■ **What to do**
Each record below must come back exactly as written; its pictures must not.

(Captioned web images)
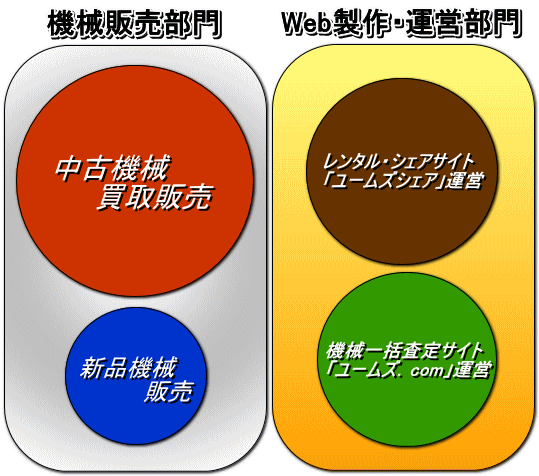 機械の転職　採用情報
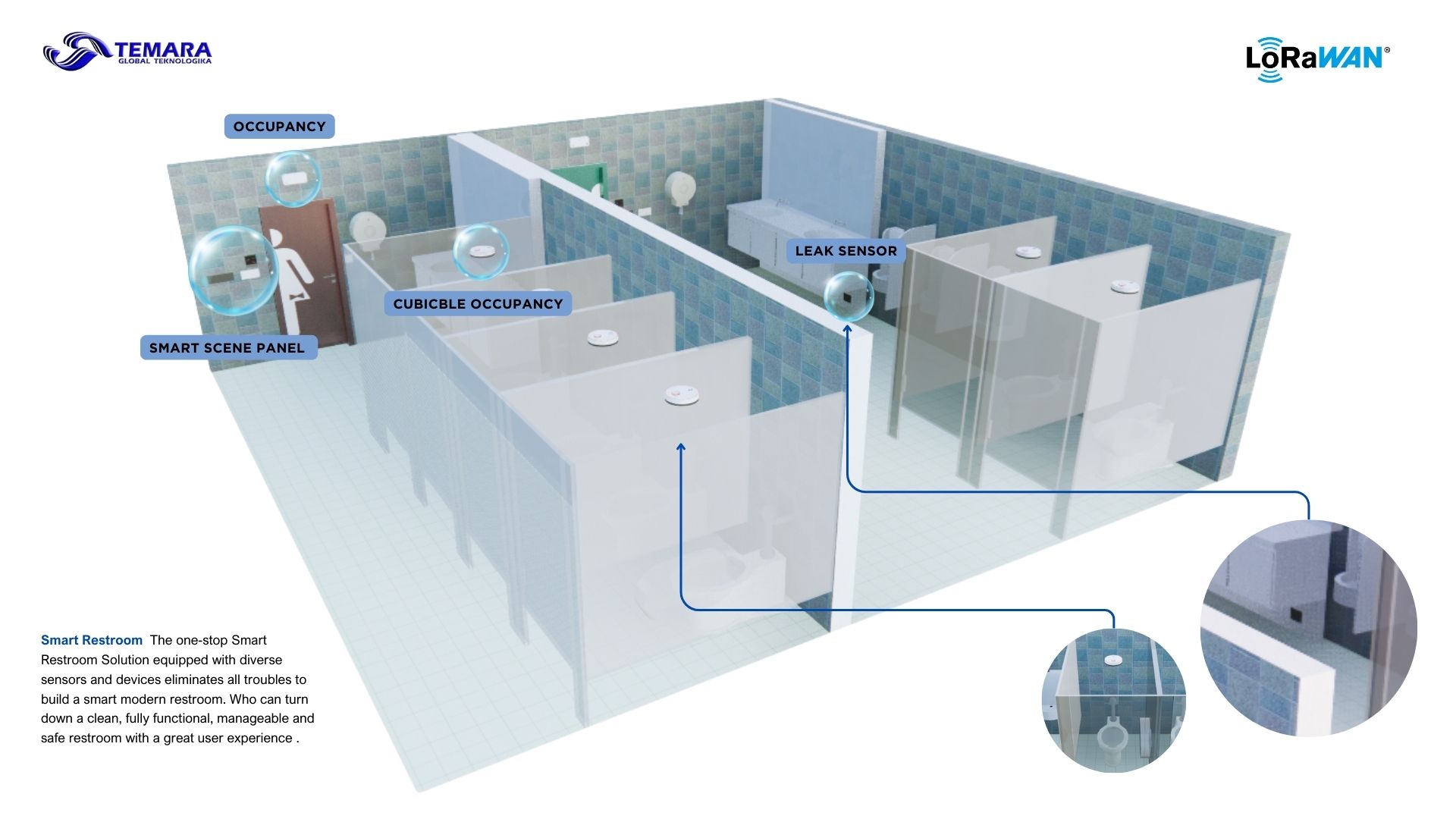 Smart Restroom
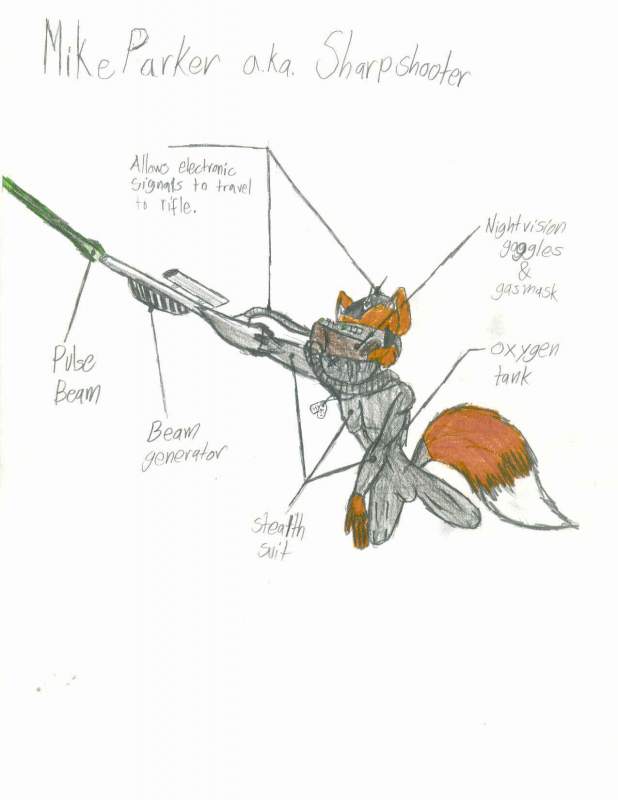 Sharpshooter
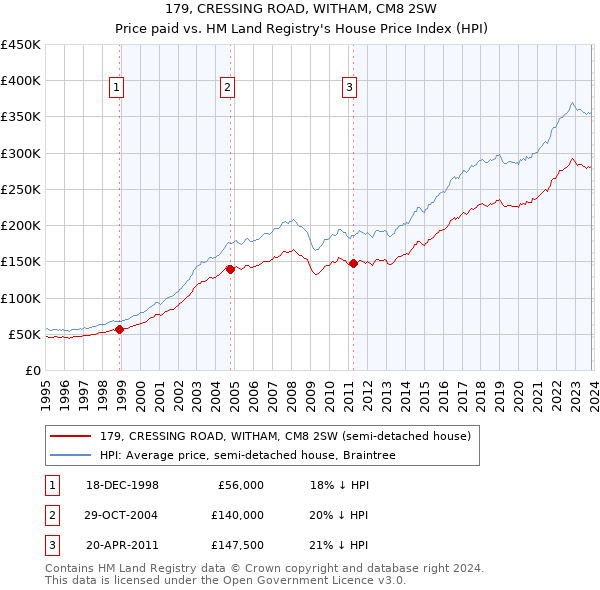 179, CRESSING ROAD, WITHAM, CM8 2SW: Price paid vs HM Land Registry's House Price Index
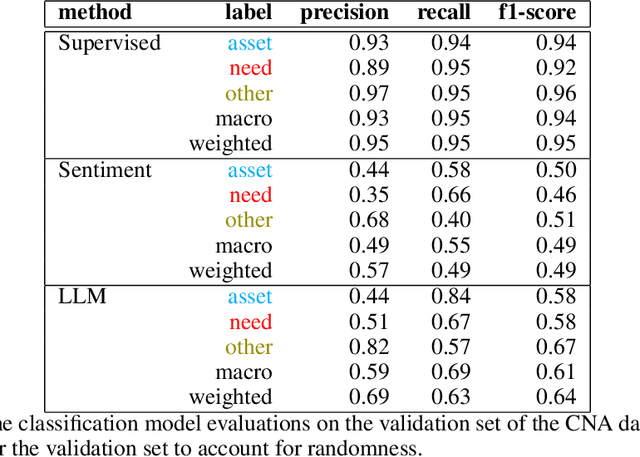 Figure 2 for Community Needs and Assets: A Computational Analysis of Community Conversations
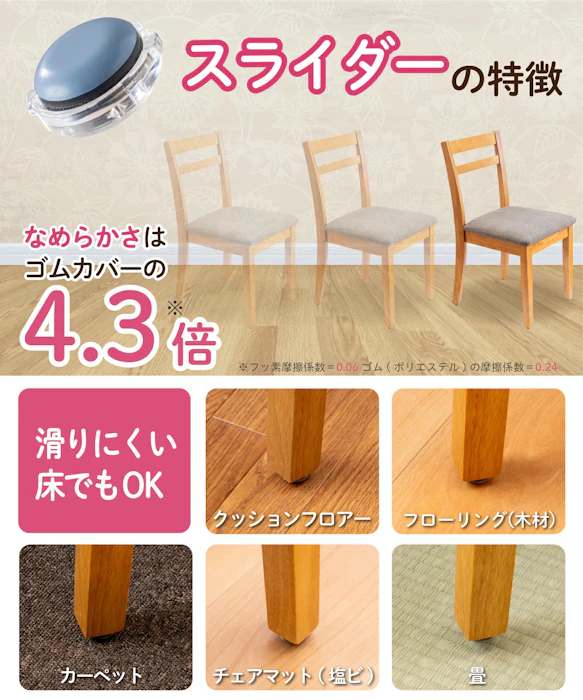 株式会社シェリー 椅子脚カバー カルガルー サステナ 26mm 8枚目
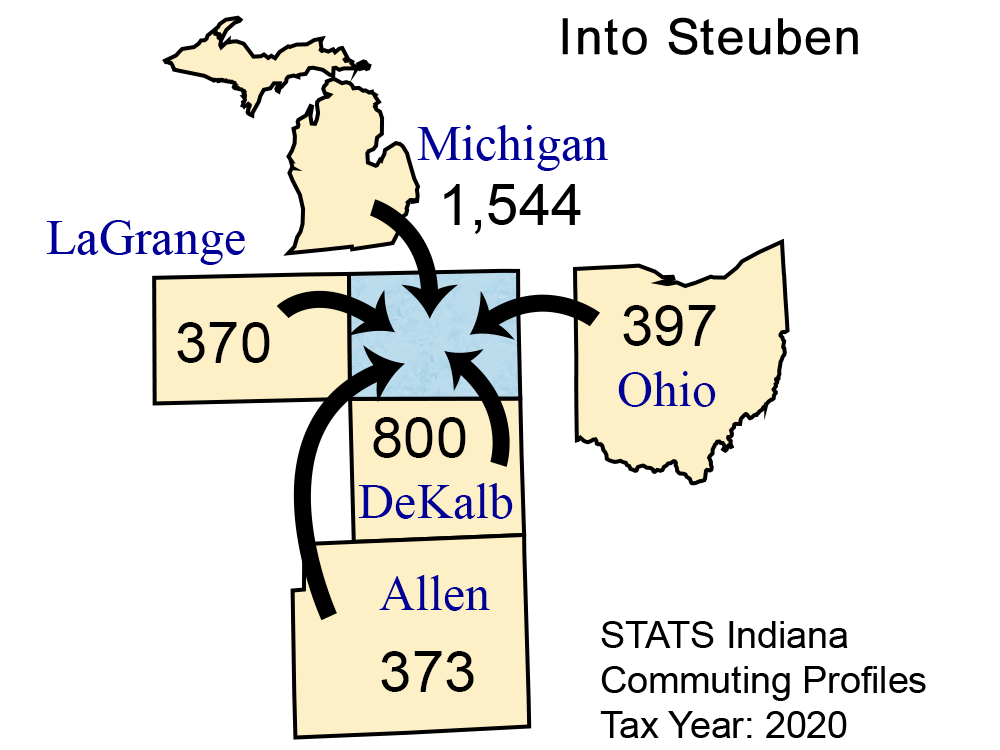 County Commuting Patterns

■ **Result**
 機械の転職　採用情報
 Smart Restroom
 Sharpshooter
 179, CRESSING ROAD, WITHAM, CM8 2SW: Price paid vs HM Land Registry's House Price Index
 Figure 2 for Community Needs and Assets: A Computational Analysis of Community Conversations
 株式会社シェリー 椅子脚カバー カルガルー サステナ 26mm 8枚目
 County Commuting Patterns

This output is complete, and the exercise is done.